Creating the line while balancing the sudden popularity and stamping down skort dupes that popped up made 2024 a “difficult” year with constant problem-solving, Ho said. Adapting the line to be not only cheaper, but sold in stores for the first time, wasn’t easy, and Ho shared how a team of seven made it happen and the risk it took to, well, dupe itself.

Popflex's Pirouette skort (left) and Blogilates's Ballerina skort (right). Photos: Popflex, Target

A bit of a stretch: While Popflex, founded in 2016, could spend nearly three years taking an item from design to the digital shelf, the Target turnaround was just under a year. Ho said the company largely used “tried-and-true” patterns from PopFlex, though Target gave her directions like making products “look emotional on the hanger,” using “romantic” embellishments like ruffles and colors like purples, blues, and pinks. Gena Fox, SVP of Apparel and Accessories at Target, told Retail Brew in an email that the line combines “style and affordability.”

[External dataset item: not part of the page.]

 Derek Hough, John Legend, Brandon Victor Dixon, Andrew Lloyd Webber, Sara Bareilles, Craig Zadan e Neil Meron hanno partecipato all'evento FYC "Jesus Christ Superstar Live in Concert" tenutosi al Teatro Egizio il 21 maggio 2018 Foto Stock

Popflex’s Pirouette skort ($60) is now the “Ballerina skort” ($35)—Ho hopes it’ll end her ongoing battles with fast fashion dupes of the product that’ve cropped up since last April—while the Zip Cloud Hoodie ($70) became the Marshmallow Hooded Sweatshirt ($35). The company had to source different fabrics, and often use slightly less, to meet the lower price point, so the skort may not be quite as fluffy—it utilizes fewer gathers—nor the hoodie quite as dense, she noted.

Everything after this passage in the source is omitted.